== WHAT NEEDS TO BE DONE ==
Write out exactly, with no other output, the lines below from the one that contains "Shower — Champagne Bronze" through the end.

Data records
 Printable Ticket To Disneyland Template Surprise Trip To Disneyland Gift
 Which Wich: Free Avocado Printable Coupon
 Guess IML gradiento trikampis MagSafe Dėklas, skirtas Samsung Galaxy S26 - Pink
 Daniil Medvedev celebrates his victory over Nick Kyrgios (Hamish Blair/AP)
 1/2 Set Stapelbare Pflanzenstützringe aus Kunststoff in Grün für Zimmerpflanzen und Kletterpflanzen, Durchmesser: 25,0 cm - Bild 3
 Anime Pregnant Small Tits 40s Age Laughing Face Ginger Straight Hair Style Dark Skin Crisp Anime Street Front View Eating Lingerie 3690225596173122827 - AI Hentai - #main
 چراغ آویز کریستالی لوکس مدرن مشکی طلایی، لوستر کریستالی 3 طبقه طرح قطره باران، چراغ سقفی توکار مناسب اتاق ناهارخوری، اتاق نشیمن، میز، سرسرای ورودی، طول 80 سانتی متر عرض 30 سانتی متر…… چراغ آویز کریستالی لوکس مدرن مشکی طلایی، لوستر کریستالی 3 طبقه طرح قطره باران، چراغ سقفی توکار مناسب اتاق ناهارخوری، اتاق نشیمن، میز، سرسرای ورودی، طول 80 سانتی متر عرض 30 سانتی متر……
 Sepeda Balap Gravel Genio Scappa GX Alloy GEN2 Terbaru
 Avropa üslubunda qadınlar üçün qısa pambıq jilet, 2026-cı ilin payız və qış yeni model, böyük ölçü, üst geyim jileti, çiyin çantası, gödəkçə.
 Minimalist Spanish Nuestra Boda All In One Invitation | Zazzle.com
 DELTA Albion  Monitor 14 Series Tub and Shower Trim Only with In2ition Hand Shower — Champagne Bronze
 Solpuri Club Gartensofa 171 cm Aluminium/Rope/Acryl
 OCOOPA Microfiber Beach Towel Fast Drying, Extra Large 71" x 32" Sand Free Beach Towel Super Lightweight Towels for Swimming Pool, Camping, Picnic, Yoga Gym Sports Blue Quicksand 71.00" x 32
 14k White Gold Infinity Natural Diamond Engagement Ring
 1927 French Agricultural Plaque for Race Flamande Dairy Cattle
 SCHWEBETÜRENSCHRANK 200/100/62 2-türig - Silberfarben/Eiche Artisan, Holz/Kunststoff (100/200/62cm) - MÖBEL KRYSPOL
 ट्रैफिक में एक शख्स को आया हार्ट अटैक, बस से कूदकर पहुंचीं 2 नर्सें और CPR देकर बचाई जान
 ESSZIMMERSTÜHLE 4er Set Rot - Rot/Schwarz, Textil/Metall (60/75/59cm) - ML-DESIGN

== WRITTEN RESPONSE ==
 DELTA Albion  Monitor 14 Series Tub and Shower Trim Only with In2ition Hand Shower — Champagne Bronze
 Solpuri Club Gartensofa 171 cm Aluminium/Rope/Acryl
 OCOOPA Microfiber Beach Towel Fast Drying, Extra Large 71" x 32" Sand Free Beach Towel Super Lightweight Towels for Swimming Pool, Camping, Picnic, Yoga Gym Sports Blue Quicksand 71.00" x 32
 14k White Gold Infinity Natural Diamond Engagement Ring
 1927 French Agricultural Plaque for Race Flamande Dairy Cattle
 SCHWEBETÜRENSCHRANK 200/100/62 2-türig - Silberfarben/Eiche Artisan, Holz/Kunststoff (100/200/62cm) - MÖBEL KRYSPOL
 ट्रैफिक में एक शख्स को आया हार्ट अटैक, बस से कूदकर पहुंचीं 2 नर्सें और CPR देकर बचाई जान
 ESSZIMMERSTÜHLE 4er Set Rot - Rot/Schwarz, Textil/Metall (60/75/59cm) - ML-DESIGN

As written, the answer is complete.